A wide range of Yokohama-related historical materials in the Archives' collection is available to facilitate research. Researchers have especially easy access to documents and books on Yokohama, reference books, and newspapers up to the Taisho period, available in reproductions, including the Yokohama Mainichi Shimbun (the first Japanese daily newspaper), the Yokohama Boeki Shimbun (Trade News) and various English-language newspapers. The trained staff provide reference service. Copy service is also available.

Collections:

The Yokohama Archives of History contain over 250,000 Yokohama-related materials from the Edo period to the Taisho-early Showa era.

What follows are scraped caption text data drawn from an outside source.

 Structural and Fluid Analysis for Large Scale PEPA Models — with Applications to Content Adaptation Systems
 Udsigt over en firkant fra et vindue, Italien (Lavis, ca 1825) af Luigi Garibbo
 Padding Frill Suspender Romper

1.Government-related materials

The Yokohama City Government lost the majority of its official documents in the Great Kanto Earthquake and Fire of 1923 and during World War II air raids in 1945. The Archives have compensated for the loss by collecting documents such as printed stenographic records of the Yokohama City Council and the Kanagawa Prefectural Assembly, and bulletins and official statistics published by Yokohama City or Kanagawa Prefecture.

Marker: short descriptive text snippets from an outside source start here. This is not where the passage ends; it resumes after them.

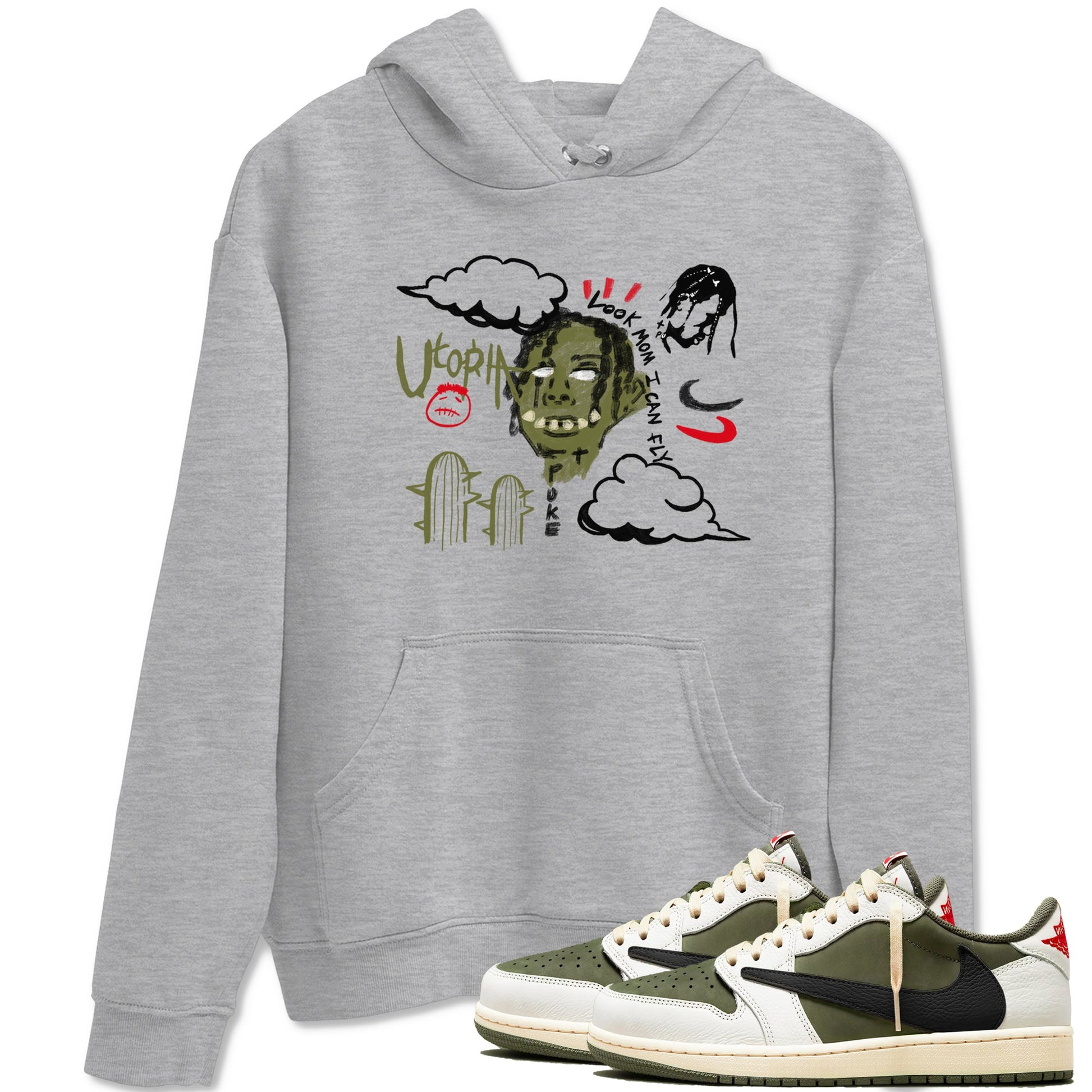 1s Travis Scott Medium Olive shirts to match jordans I Can Fly sneaker match tees Air Jordan 1 Travis Scott Medium Olive Drip Gear Zone streetwear brand Heather Grey 1 unisex cotton tee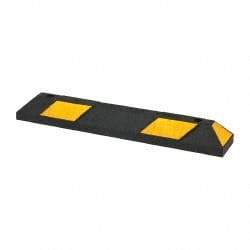 PRO-SAFE - 72" Long x 6" Wide x 4" High, Parking Curb - Black & Yellow, Rubber - Caliber Tooling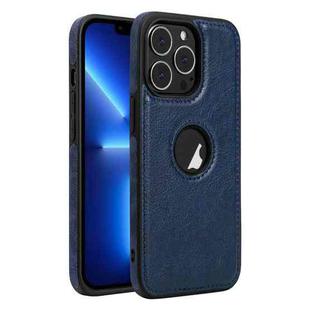 For iPhone 13 Pro Leather Texture Stitching Phone Case(Blue)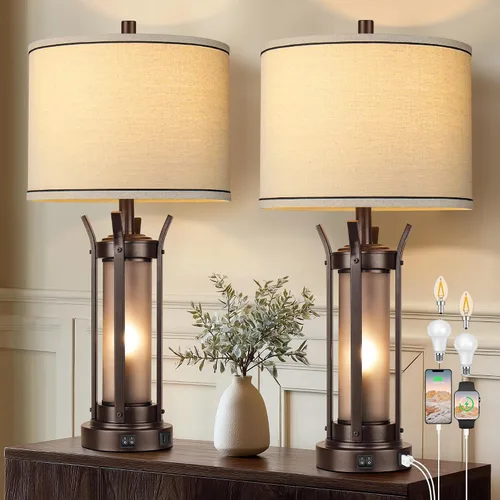 Vista 9 de QiMH - Lámparas de mesa de 26 pulgadas para sala de estar, rústicas, color bronce USB A+C Charging Ports, 4 Bulbs Included, Farmhouse Nightstand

2.Overseas and Foreign Settlement materials

The Archives have collected diplomatic documents of the U.K., the U.S., and France among countries that influenced Japan since the late Edo period, church missionary reports, and personal documents of Japan-based diplomats. These materials help us see Yokohama and Japan from foreign viewpoints. Also, the directory of foreign residents and trading companies is an important source of information about the Yokohama Foreign Settlement.

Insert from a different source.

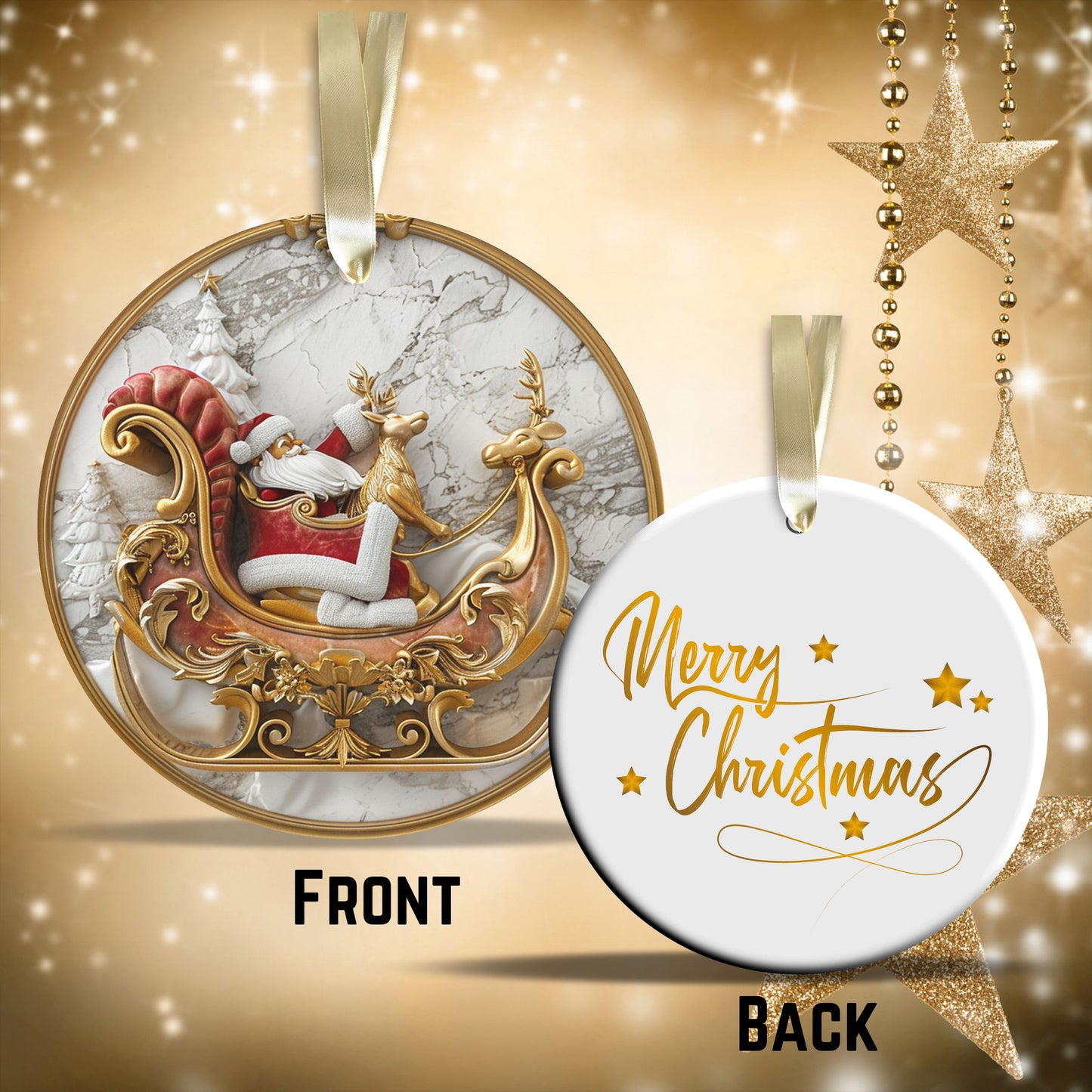 Red & Gold Christmas Ceramic Ornament 35-23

3.Materials related to local leaders

In the Edo period there were more than two hundred villages in what is now Yokohama. Farmers called "Village Officers" administered villages and kept records. In the Meiji era, village headmen and leaders of various local organizations left many official and personal records. Those materials are crucial to our understanding of regional conditions in those days.

4.Materials related to Yokohama Merchants

Upon the opening of Yokohama Port, wealthy farmers in raw-silk-producing regions such as Gunma and Nagano began trading in Yokohama and became successful silk exporters. They are called the "Yokohama Merchants." The Archives have collected such materials as letters and memos to their acquaintances in home regions. These materials recount the growth and the evolution of those merchants.

5.Newspapers and magazines

Yokohama is known as the place where Japan's first daily newspaper was published. The Archives hold various newspapers in Japanese and foreign languages, and magazines published in Yokohama since the late Edo period. The Archives also possess collections of newspapers published in the U.K., France and China in the nineteenth century. These are important sources of information regarding the world situation during the period when Yokohama was opened.

6.Pictorial materials

Nishikie (colored wood block prints), photos, and picture postcards give vivid images of the scenery and the culture of Yokohama from the port opening period to the Meiji-Taisho era. Also, the Archives contain maps, kawaraban newssheets, programs of popular plays, raw silk and tea trademarks, and building blueprints.

7.Special collections

The Archives possess several collections on different themes. The Paul C. Blum Collection and Don Brown Collection contain foreign books and magazines about Japan. The A. Neil Pedlar Collection is a collection of picture postcards of Meiji and Taisho Japan. The Gomi Kametaro Collection consists of Yokohama-related materials from the port opening period. The Oka Collection comprises items from daily life in the Meiji and Taisho eras.